Letter to Friedrich Engels, November 18, 1861


MARX TO ENGELS

IN MANCHESTER

[London,] 18 November [1861]

Dear Engels,

Ecce Herum Crispinus![1] Well, this is how matters now stand. On 9 November, I drew £16 on the Tribune for the 8 articles then sent. Out of this £16, I paid £3 apiece on account to butcher, baker, TEAGROCER, OILMAN, MILKMAN, and GREENGROCER. I spent 10/- on coal, which will all be gone by tomorrow. Your £5 went for the most part on the repayment of small cash loans. So, I'm broke, and there are further debts to be paid—the LANDLORD, school fees, the cobbler, and essential purchases for the family against the winter. I write for the Presse almost every day. With the Presse and the Tribune combined I might be able to make SHIFT. But in view of the constantly reaccumulating deficit (not a milliard, admittedly[2] ) and a whole year's loss of income this really can't be done.
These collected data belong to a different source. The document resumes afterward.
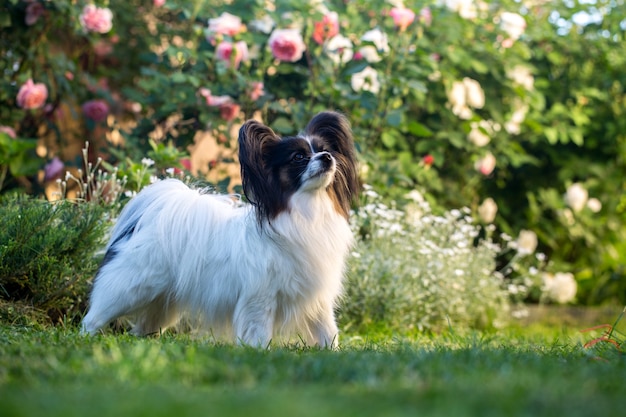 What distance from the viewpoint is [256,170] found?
11.9 feet

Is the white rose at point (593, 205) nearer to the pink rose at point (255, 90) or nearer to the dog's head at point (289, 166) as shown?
the pink rose at point (255, 90)

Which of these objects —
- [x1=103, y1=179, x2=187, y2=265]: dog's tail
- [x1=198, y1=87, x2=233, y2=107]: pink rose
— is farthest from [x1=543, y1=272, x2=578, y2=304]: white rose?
[x1=103, y1=179, x2=187, y2=265]: dog's tail

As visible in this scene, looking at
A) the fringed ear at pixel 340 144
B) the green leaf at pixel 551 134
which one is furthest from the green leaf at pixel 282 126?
the green leaf at pixel 551 134

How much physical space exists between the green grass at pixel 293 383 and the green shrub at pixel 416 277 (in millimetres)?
2122

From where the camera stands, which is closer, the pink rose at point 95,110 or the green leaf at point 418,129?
the green leaf at point 418,129

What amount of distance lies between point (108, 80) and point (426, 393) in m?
6.21

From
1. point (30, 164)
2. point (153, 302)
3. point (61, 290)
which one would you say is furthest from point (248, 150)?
point (30, 164)

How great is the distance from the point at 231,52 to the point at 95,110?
1.59m

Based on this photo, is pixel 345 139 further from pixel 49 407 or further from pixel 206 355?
pixel 49 407

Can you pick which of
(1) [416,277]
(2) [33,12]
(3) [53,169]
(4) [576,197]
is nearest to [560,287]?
(4) [576,197]

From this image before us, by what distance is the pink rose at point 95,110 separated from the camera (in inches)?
260

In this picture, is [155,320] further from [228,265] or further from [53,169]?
[53,169]

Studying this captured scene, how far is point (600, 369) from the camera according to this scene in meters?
2.65

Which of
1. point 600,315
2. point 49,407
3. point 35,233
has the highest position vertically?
point 49,407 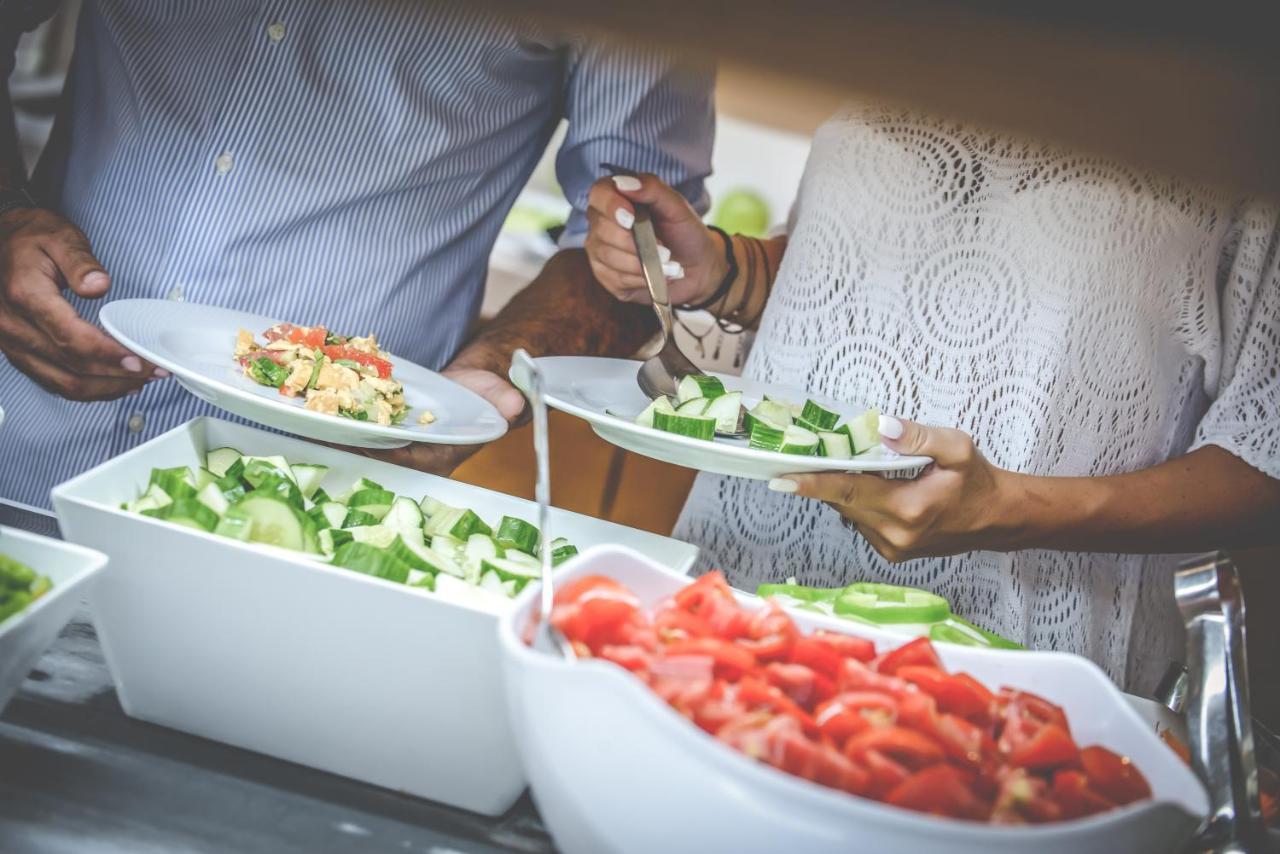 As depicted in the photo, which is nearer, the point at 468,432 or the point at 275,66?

Now there has been yet another disaster. As you know, I advanced Petsch & Co. £25 for the printing of Vogt, it being agreed that this was to be repaid out of the SALE of COPIES, before any other deductions. Moreover, they owe me a few pounds for Hinter den Coulissen,[3] the Communist Trial[4] and the 18th Brumaire[5] etc.[6]

On the other hand, I obtained newspapers and books from the fellows to the value of £10 9/-, if only to be in possession of some security.
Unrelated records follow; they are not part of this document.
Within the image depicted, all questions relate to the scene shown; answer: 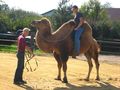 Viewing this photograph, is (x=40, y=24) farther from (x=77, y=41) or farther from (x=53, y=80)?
(x=53, y=80)

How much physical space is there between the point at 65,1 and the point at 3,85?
26405mm

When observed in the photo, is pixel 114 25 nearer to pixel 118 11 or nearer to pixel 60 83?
pixel 60 83

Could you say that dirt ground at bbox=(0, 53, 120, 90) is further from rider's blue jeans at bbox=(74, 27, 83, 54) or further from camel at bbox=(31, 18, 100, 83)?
rider's blue jeans at bbox=(74, 27, 83, 54)

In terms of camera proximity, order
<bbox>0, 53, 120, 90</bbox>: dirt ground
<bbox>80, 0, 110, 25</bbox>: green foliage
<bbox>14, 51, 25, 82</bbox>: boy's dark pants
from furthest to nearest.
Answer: <bbox>80, 0, 110, 25</bbox>: green foliage, <bbox>14, 51, 25, 82</bbox>: boy's dark pants, <bbox>0, 53, 120, 90</bbox>: dirt ground

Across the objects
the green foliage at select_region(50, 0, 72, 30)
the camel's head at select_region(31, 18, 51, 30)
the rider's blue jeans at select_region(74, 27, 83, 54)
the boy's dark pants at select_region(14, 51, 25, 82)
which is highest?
the green foliage at select_region(50, 0, 72, 30)

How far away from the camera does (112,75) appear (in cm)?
1429

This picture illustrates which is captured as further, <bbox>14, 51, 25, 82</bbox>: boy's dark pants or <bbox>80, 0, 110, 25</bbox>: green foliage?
<bbox>80, 0, 110, 25</bbox>: green foliage

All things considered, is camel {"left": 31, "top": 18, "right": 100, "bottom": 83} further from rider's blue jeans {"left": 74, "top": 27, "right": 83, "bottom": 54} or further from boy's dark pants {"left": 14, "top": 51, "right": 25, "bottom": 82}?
boy's dark pants {"left": 14, "top": 51, "right": 25, "bottom": 82}

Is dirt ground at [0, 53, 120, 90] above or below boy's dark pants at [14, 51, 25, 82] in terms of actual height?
below

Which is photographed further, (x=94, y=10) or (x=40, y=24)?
(x=94, y=10)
Koller (an associé[7] ) has now had a row with Petsch, who is not in the business at present. There's a lawsuit pending between the two over the firm's liquidation.
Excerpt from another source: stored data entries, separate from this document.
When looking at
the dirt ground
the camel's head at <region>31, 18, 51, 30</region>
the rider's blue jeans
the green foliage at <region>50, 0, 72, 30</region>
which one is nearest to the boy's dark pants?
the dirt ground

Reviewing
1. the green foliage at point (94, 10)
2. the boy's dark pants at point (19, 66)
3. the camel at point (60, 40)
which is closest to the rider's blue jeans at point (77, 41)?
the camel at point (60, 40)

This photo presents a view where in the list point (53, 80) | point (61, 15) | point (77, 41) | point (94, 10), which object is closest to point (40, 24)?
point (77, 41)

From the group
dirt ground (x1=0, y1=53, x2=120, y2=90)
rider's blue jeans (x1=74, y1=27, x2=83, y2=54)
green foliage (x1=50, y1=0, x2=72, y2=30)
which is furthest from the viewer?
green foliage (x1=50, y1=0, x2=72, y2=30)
The rascally Koller, whom I pressed about my claim, wrote instead advising me of his suit in the COUNTY-COURT regarding the £10 9/-. I went to see Zimmermann. He told me that my suit would cost me about £30-£60 in a SUPERIOR COURT, and that it would be better if I established my claim in the form of a counter-claim in the COUNTY-COURT, to which I had been summoned by Koller. Nor does he himself practise in the COUNTY-COURTS. SO, to this end, I shall have to see an English SOLICITOR before the week is out (and as soon as possible), which I can't do without CASH.

If I were quit of this wretched situation and did not see my family oppressed by MISERABLE adversities, how overjoyed I would be at the fiasco of the Decembrist financial system, so long and so frequently prognosticated by me in the Tribune. So William the Handsome or handsome William has done some plain speaking in Silesia: 'If you elect democrats, we shall be ruined.' 'Soldiers are the only answer to democrats.'

Salut. Your

K. M.

  1. Ecce Herum Crispinus (Behold, this Crispinus again). Juvenal, Satirae, IV, 1 (figuratively: the same again).
  2. An allusion to the financial crisis experienced by Bonapartist France in the autumn of 1861, when the national exchequer was one milliard francs in the red. On this see Marx's articles 'Monsieur Fould' and 'France's Financial Situation' (present edition, Vol. 19).
  3. [G. Lommel,] Hinter den Coulissen. Historisch-politische Bilder aus der Neuzeit, I. Theil. Vom Oktober 1847 bis Mai 1848.
  4. K. Marx, Revelations Concerning the Communist Trial in Cologne.
  5. K. Marx, The Eighteenth Brumaire of Louis Bonaparte.
  6. The London publisher Albert Petsch was to distribute the unsold part of the Boston edition of Marx's Revelations Concerning the Communist Trial in Cologne (1853). Several copies of Marx's The Eighteenth Brumaire of Louis Bonaparte, published in New York in 1852, were likewise turned over to Petsch for sale. The two works are in Vol. 11 of the present edition.